In death, a member of Project Mayhem has a name

And like that. The movie is dead. Or at least it's very cold and not moving when we poke it. So now I can tell you...its name was Archie Hotel. Or at least that's what we called it.

Over the weekend, the Company ventured out into the woods and attempted to film one of the simpler segments of the film. A man lost in the forest. We had a forest. We had a man. All that was left was pointing the camera and pushing the big red button... Ha. Let me restate that: Ha.

We didn't focus the camera properly. We acted tired in one shot and angry in another. We wore the wrong shirt. We planned for a three hour tour, but were stuck on the island for three years. And none of us was as forward thinking as the Howells.

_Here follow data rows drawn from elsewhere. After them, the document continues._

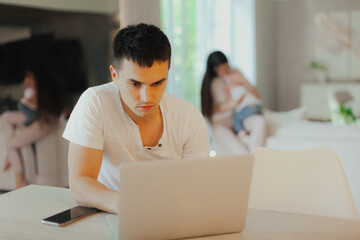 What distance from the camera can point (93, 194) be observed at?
4.52 ft

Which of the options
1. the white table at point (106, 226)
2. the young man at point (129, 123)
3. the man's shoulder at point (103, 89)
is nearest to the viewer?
the white table at point (106, 226)

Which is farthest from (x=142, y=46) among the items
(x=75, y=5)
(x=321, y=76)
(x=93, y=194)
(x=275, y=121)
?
(x=321, y=76)

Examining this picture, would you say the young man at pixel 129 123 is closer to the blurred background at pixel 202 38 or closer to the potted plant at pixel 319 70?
the blurred background at pixel 202 38

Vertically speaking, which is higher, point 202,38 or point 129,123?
point 202,38

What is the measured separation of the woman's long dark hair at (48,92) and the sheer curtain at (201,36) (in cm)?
130

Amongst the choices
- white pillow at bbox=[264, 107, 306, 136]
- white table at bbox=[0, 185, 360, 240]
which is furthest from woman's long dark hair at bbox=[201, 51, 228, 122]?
white table at bbox=[0, 185, 360, 240]

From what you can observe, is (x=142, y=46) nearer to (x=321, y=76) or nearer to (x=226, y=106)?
(x=226, y=106)

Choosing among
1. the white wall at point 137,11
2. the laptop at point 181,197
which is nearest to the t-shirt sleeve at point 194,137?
the laptop at point 181,197

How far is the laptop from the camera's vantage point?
1052 mm

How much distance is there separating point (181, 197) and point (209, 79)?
3131mm

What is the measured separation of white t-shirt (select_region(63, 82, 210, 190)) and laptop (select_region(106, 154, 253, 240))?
1.47ft

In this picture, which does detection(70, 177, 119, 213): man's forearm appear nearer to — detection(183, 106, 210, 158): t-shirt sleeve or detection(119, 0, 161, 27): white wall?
detection(183, 106, 210, 158): t-shirt sleeve

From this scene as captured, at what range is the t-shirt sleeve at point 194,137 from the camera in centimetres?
166

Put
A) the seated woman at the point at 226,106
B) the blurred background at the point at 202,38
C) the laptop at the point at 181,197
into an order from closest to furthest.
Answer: the laptop at the point at 181,197, the blurred background at the point at 202,38, the seated woman at the point at 226,106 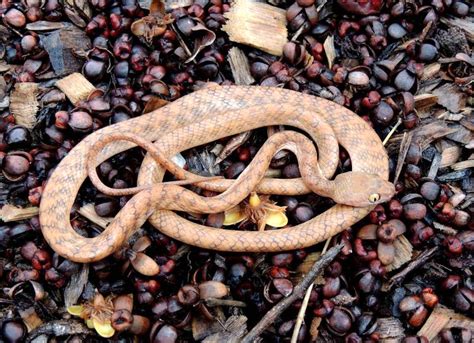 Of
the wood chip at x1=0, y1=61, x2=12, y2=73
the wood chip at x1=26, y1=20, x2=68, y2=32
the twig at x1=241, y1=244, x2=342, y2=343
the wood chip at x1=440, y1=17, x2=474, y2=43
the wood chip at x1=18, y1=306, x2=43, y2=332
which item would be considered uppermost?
the wood chip at x1=440, y1=17, x2=474, y2=43

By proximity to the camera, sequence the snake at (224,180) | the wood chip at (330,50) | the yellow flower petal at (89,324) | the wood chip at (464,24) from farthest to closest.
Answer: the wood chip at (464,24) → the wood chip at (330,50) → the snake at (224,180) → the yellow flower petal at (89,324)

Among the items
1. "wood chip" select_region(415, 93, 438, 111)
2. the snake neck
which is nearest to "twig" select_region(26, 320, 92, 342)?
the snake neck

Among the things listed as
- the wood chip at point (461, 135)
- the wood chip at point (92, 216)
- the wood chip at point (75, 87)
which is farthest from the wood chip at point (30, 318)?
the wood chip at point (461, 135)

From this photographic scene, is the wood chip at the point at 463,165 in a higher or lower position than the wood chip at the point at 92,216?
higher

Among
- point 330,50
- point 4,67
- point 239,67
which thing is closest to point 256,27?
point 239,67

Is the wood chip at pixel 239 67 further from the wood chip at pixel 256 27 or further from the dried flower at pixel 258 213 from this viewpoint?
the dried flower at pixel 258 213

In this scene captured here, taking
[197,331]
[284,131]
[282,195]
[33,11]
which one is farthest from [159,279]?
[33,11]

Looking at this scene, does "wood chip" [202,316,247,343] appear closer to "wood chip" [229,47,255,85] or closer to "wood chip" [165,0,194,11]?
"wood chip" [229,47,255,85] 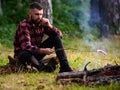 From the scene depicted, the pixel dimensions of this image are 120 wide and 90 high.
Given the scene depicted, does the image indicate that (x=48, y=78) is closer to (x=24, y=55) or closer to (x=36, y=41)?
(x=24, y=55)

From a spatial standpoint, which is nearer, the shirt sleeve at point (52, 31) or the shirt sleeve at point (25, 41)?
the shirt sleeve at point (25, 41)

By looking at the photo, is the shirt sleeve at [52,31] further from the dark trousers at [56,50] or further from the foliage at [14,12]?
the foliage at [14,12]

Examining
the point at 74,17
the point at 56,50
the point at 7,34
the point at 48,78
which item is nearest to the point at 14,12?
the point at 74,17

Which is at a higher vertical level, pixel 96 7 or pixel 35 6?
pixel 35 6

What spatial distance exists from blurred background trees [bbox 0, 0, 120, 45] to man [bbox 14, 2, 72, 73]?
540 cm

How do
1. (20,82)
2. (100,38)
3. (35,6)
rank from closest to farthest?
(20,82)
(35,6)
(100,38)

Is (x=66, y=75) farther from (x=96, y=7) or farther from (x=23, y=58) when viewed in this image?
(x=96, y=7)

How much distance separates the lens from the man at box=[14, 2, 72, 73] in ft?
28.9

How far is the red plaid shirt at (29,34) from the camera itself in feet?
29.4

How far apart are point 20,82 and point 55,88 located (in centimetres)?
92

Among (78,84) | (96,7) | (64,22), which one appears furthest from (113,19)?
(78,84)

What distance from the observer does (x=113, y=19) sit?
58.1 ft

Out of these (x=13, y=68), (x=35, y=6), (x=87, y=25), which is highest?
(x=35, y=6)

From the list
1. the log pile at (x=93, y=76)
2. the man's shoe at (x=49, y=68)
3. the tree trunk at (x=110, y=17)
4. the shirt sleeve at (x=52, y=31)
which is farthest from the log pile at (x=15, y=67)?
the tree trunk at (x=110, y=17) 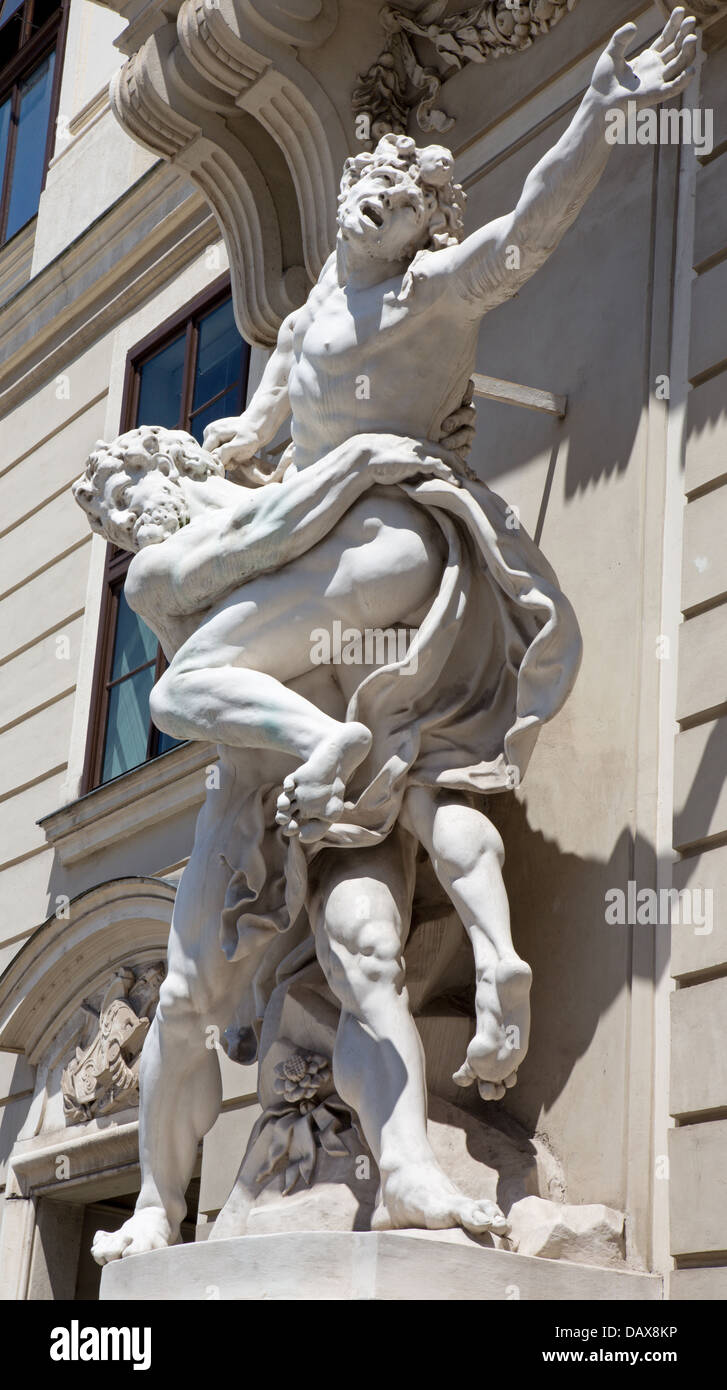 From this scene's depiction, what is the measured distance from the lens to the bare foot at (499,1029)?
457cm

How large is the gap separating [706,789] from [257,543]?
4.40 feet

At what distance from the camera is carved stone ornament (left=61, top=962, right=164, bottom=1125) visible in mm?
8047

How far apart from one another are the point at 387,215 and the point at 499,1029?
216cm

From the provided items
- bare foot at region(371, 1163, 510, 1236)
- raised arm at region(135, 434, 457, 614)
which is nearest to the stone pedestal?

So the movie died. We didn't realize it right away. We put sunglasses on it and carried it around for a while, Bernie Lomax style. Then it sunk in. Brandon noticed it first. Then, perhaps due to the fetid smell of the footage or the realization that the task at hand was as heavy and crushing as a cubic ton of burial dirt, I too saw how our film was no longer with us. We met with the rest of the Company, shared the bad news, and collectively pored over the autopsy report. Then we drank.

It's been a little while now. I'm getting used to its absence. I'll admit I wasn't ready to let it go, kept holding on to its hand asking it to please wake up, yelling at Brandon, telling him to stop lying to me. It wasn't dead, it just needed better organization, more effort, more love. I made lists and forms and schedules and promises, anything I could think of to revive it, anything to not to give up. But it was gone. It is gone. That which once rang so blue and clear in our hearts is now but a dull, raw hole in our chests.

However.

We are still alive. And we have ten freakin' thousand dollars' worth of camera and editing equipment. And we have you: friends and family and co-workers to whom we've made this silly declaration, this threat, this promise that four people dedicated to the idea of independently creating a diversionary narrative from pictures and sound can do so if they try. So we are trying.

I'm back at the studio. I'm writing a short that involves four locations, all of which we have access to, and four speaking parts. It will be smaller, more manageable. And I'll tell you all about it. Right here.

You may have noticed the "About me" description has changed. This here will still be about bringing Archie Hotel to life. That process is just taking a little longer than we first expected--it's not overnight that you learn how to make radios from coconuts.

1 comment:

Steve said...

Please accept my hearty condolences and heartfelt congratulations.